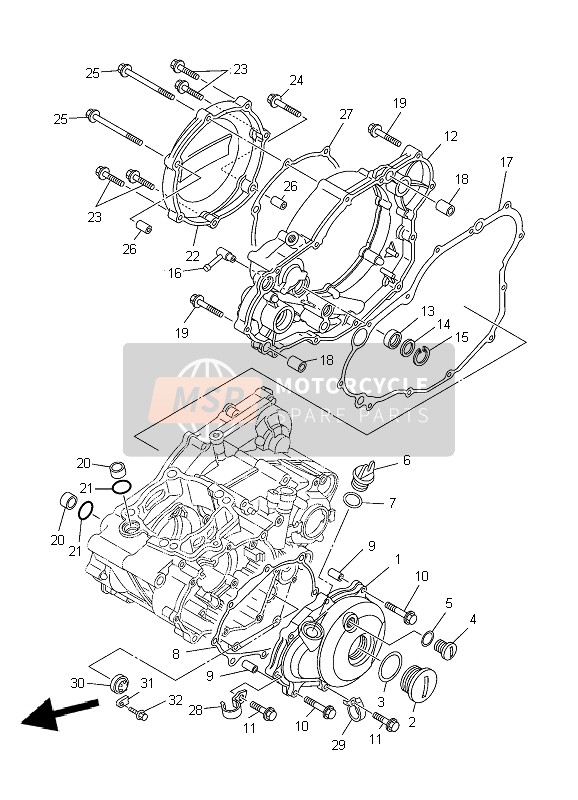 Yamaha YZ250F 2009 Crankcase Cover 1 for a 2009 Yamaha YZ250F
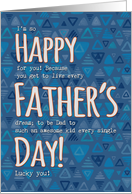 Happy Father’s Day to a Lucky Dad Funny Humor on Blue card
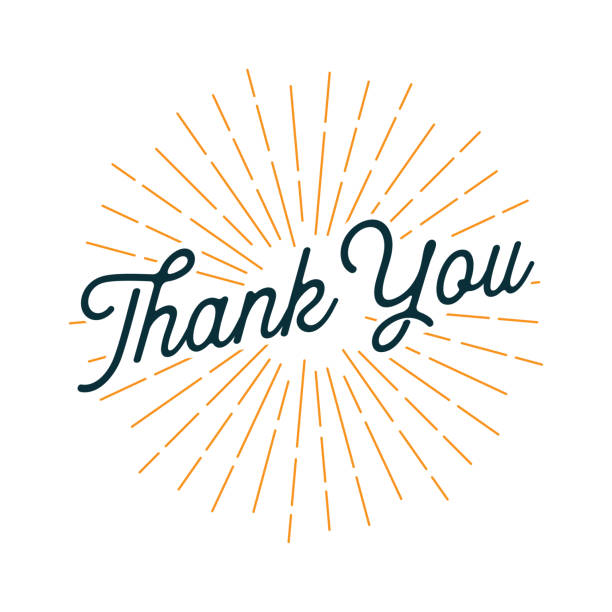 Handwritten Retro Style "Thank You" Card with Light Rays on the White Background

────────────────────────────────────────

What you need to retype is every line from the one that has "Happy Father’s Day" through the last line of the listing, both included, with the pictures left out.

 Happy Father’s Day to a Lucky Dad Funny Humor on Blue card
 Handwritten Retro Style "Thank You" Card with Light Rays on the White Background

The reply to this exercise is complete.